Derek’s was simplicity itself–a comic

He approached me before class to ask if this was OK as a Google 20% Project.  I said sure, but… I wanted to know more about how it came about.  And he proceeded to tell me about his art universe, a peek into the rich and full world of his imagination that I would have had no way of accessing without the assignment.

It is the memory of his voice and his excitement and his authentic self being validated that is what I wanted from the project. Sensing an open vessel,  he filled me full with the story of the kinds of tools he used and how much time it took to make this  and his own history with comics and on and on.  At the end he was startled that anybody cared about what he was interested in.

While Derek’s presentation was a private one, James’s was public.

James works in a genre known as “anime music videos”.  Simply put (and believe me there is nothing simple about any of this) AMV afficionados pick an anime episode or episodes and mashup an appropriate song with clips from the anime.  Music and clips are matched for rhythm and appropriate lyrics.  This is serious, next level remixing here.  James said this amv took 8 hours to make.  His first one took a week.  He does it all on a little notebook computer.  Now I do a little mashing up myself with a cool tool called Zeega, but mine is child’s play compared to what James does.
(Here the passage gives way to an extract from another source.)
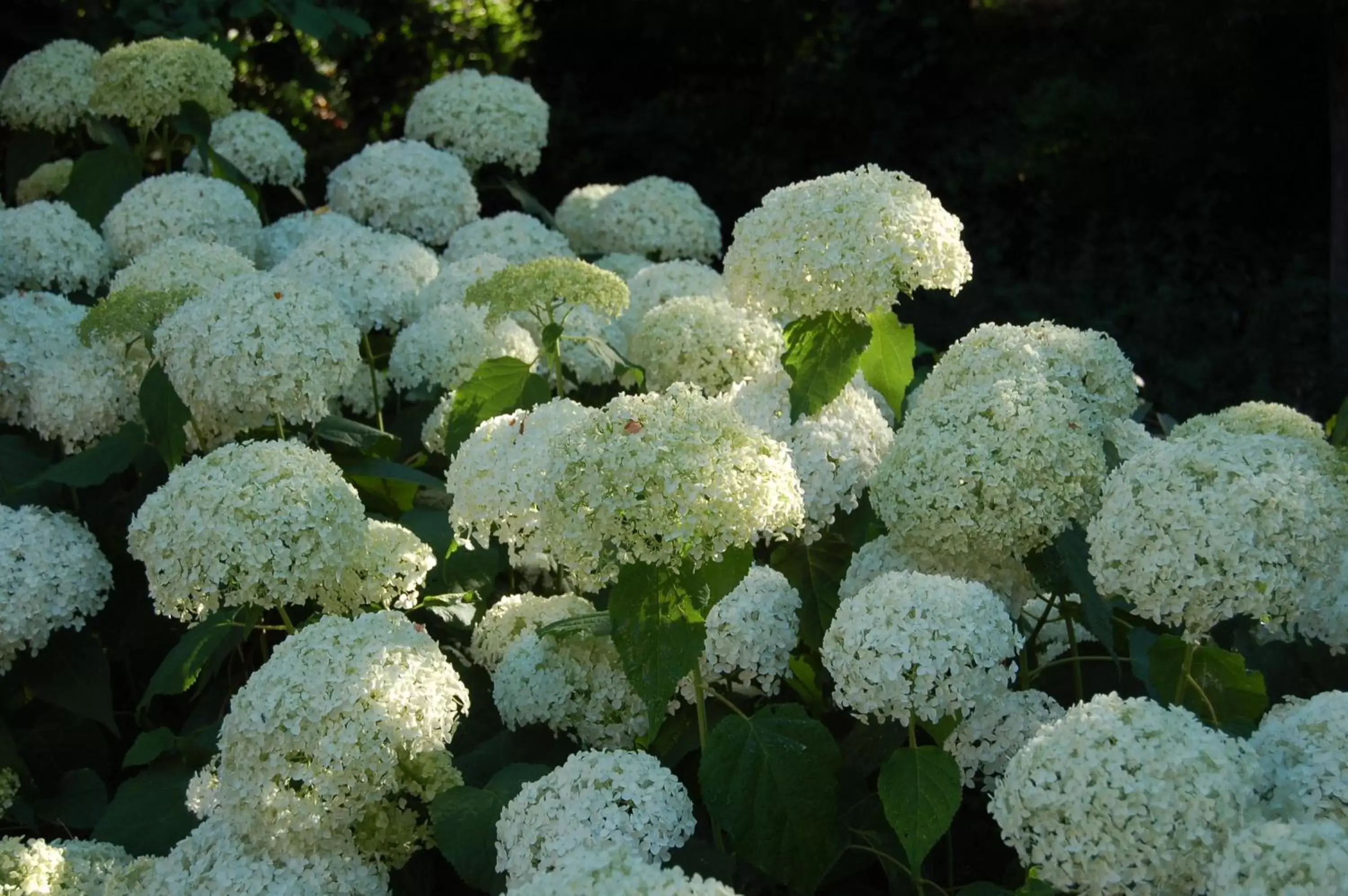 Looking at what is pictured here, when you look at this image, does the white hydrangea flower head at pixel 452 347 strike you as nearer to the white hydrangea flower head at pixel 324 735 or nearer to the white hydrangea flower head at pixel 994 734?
the white hydrangea flower head at pixel 324 735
This is all part of a larger universe known as cosplay and I am always very keen to observe how peers look upon each other’s worlds.  I think that James’s peers were stunned into respectful, awed silence.  I know I was.  I would like to take credit for  that, but I can’t.  I just lucked up into having James in my course and in providing him with a public venue.  I got the opportunity to ask him some very public questions so that he could shine on a bit brighter.

I think I failed here, too.  I realized immediately after Derek’s presentation and after James’s that I should have done this at the beginning of the semester.  Instead of  restraining volatility, I should have released this kraken at the beginning of the semester.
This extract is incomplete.